Given data »
========================

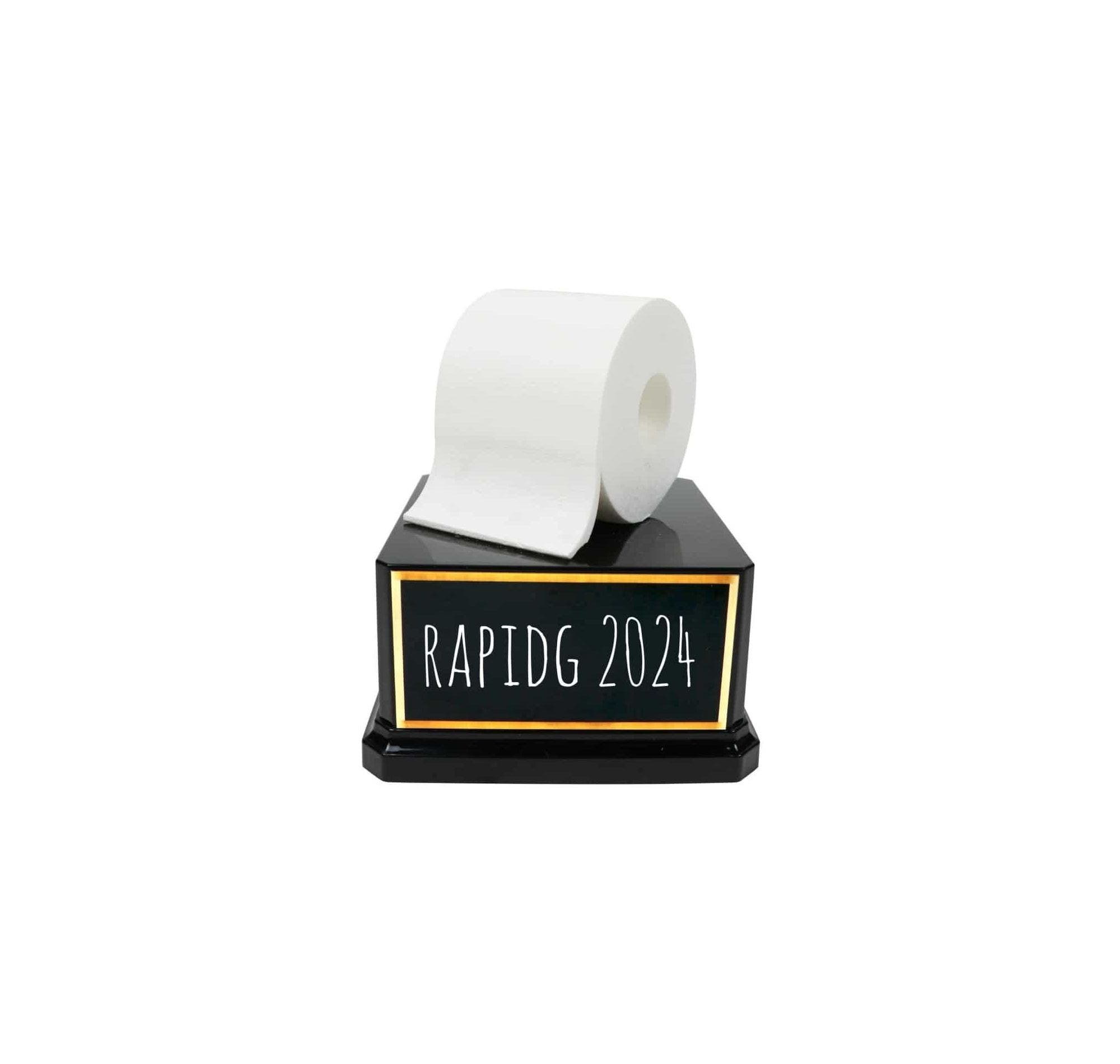 Best paper towel holder 2020 best sale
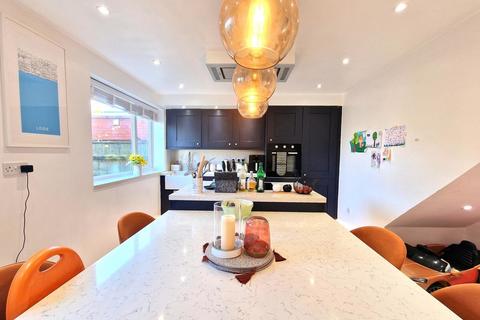 undefined, Ireton Close, Norwich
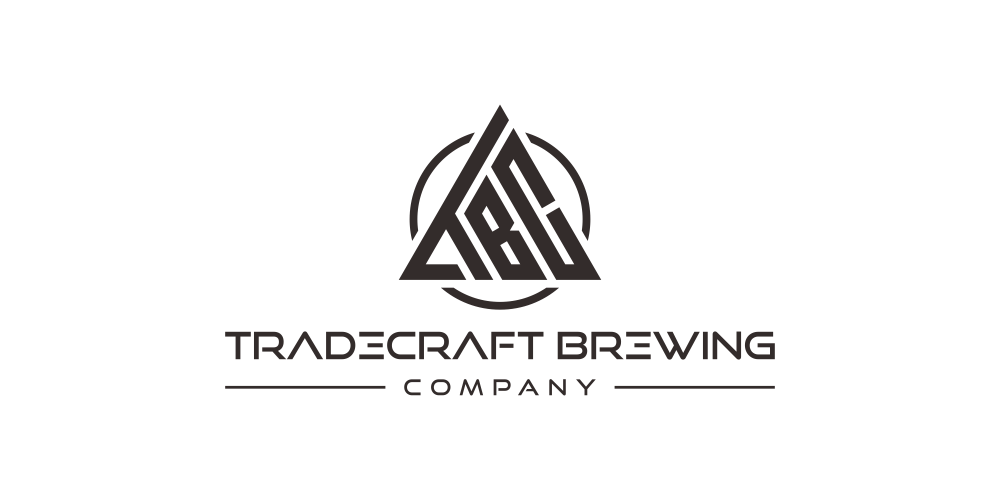 Diseño de Logo por mbah suratman para este proyecto | Diseño #24544472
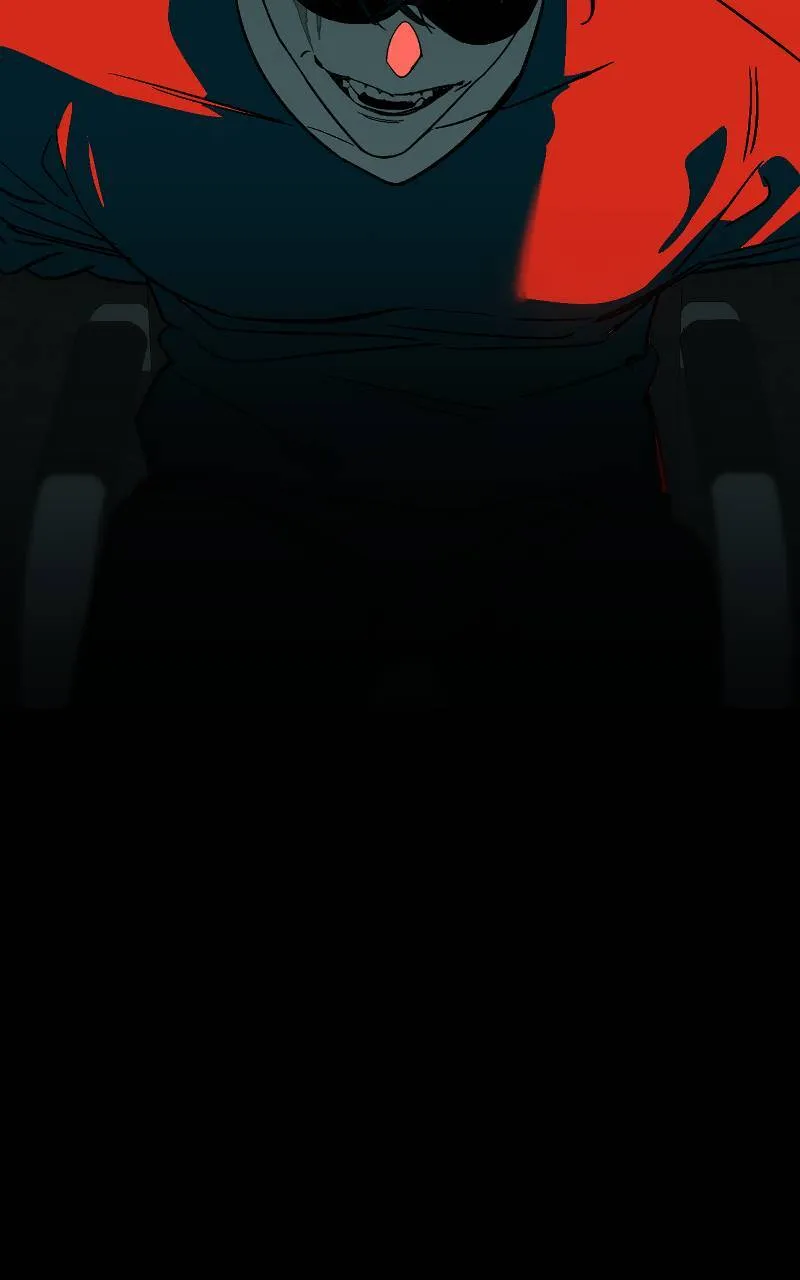 第39话37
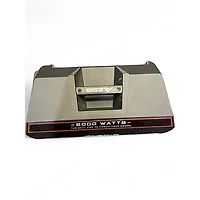 Used Alesis Strike Amp 8 Drum Amplifier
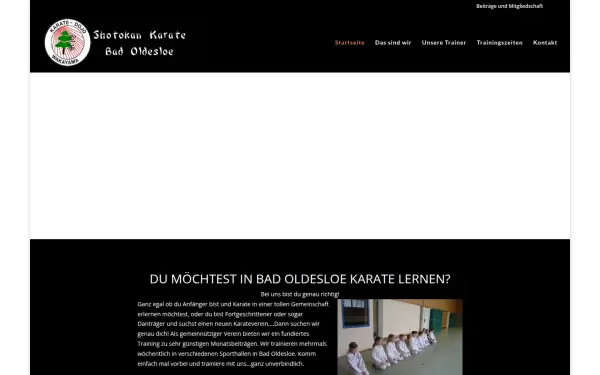 www.dojo-wakayama.de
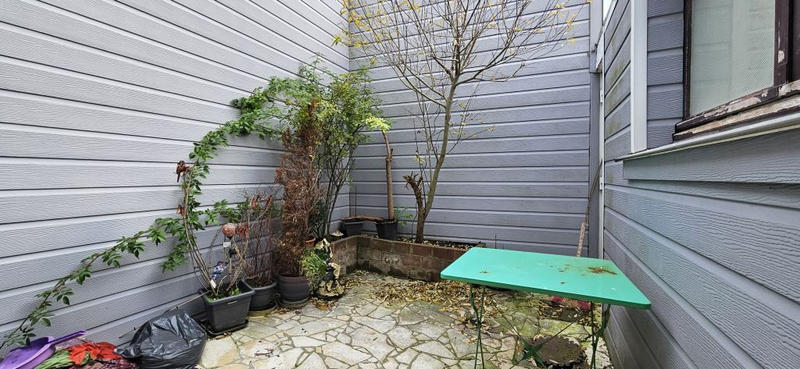 Maison - 98 m² - 5 pièces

========================

Task instructions »
Print the material exactly as given, but not the pictures.

Exercise solution »
 Best paper towel holder 2020 best sale
 undefined, Ireton Close, Norwich
 Diseño de Logo por mbah suratman para este proyecto | Diseño #24544472
 第39话37
 Used Alesis Strike Amp 8 Drum Amplifier
 www.dojo-wakayama.de
 Maison - 98 m² - 5 pièces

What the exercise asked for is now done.